■ Supplied information:

=== Begin Enclosure ===

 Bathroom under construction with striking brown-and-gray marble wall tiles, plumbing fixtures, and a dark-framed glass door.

=== End Enclosure ===
=== Begin Enclosure ===

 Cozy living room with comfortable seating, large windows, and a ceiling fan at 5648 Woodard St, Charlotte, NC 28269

=== End Enclosure ===
=== Begin Enclosure ===

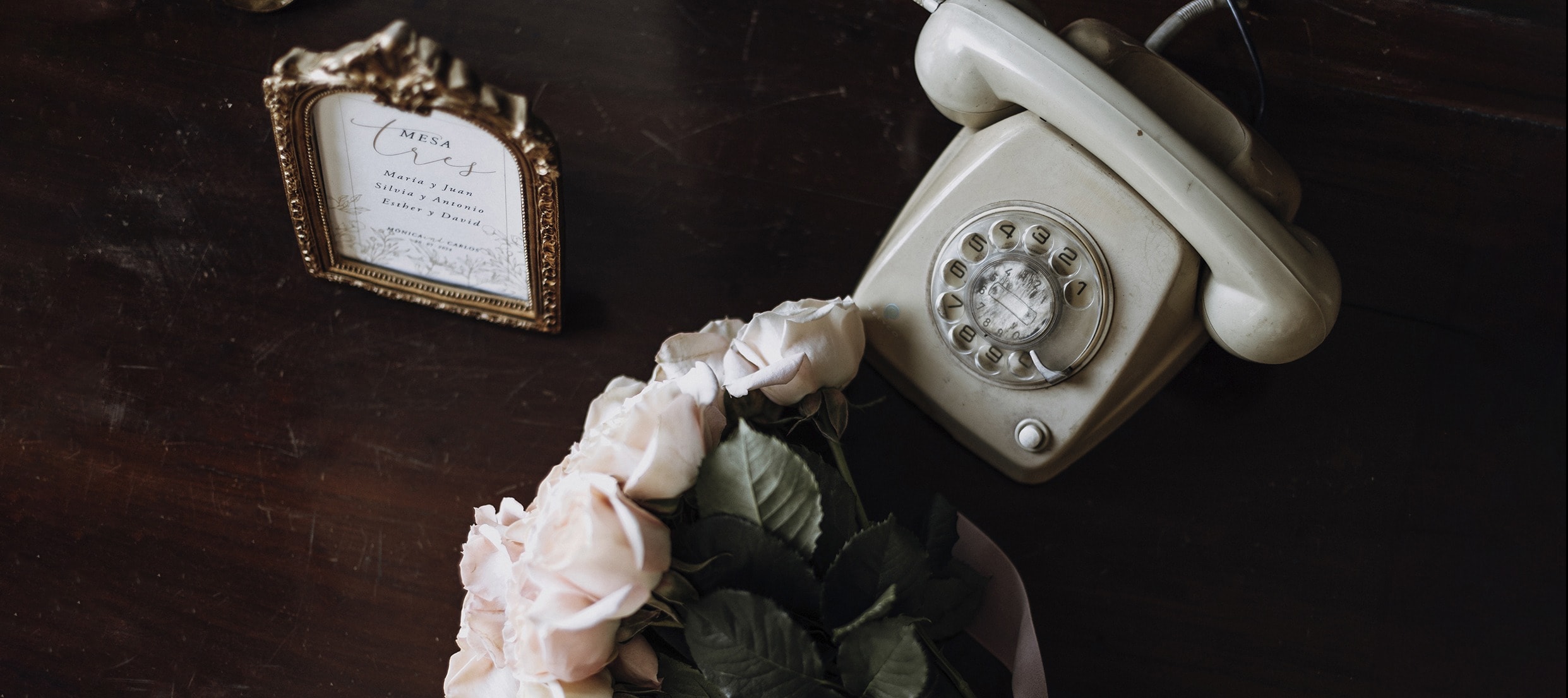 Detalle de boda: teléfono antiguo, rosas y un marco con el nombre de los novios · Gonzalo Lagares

=== End Enclosure ===

■ Instructions to follow: Only the number should be given: how many lines in the entries above contain the string "with"?

■ Answer space: 2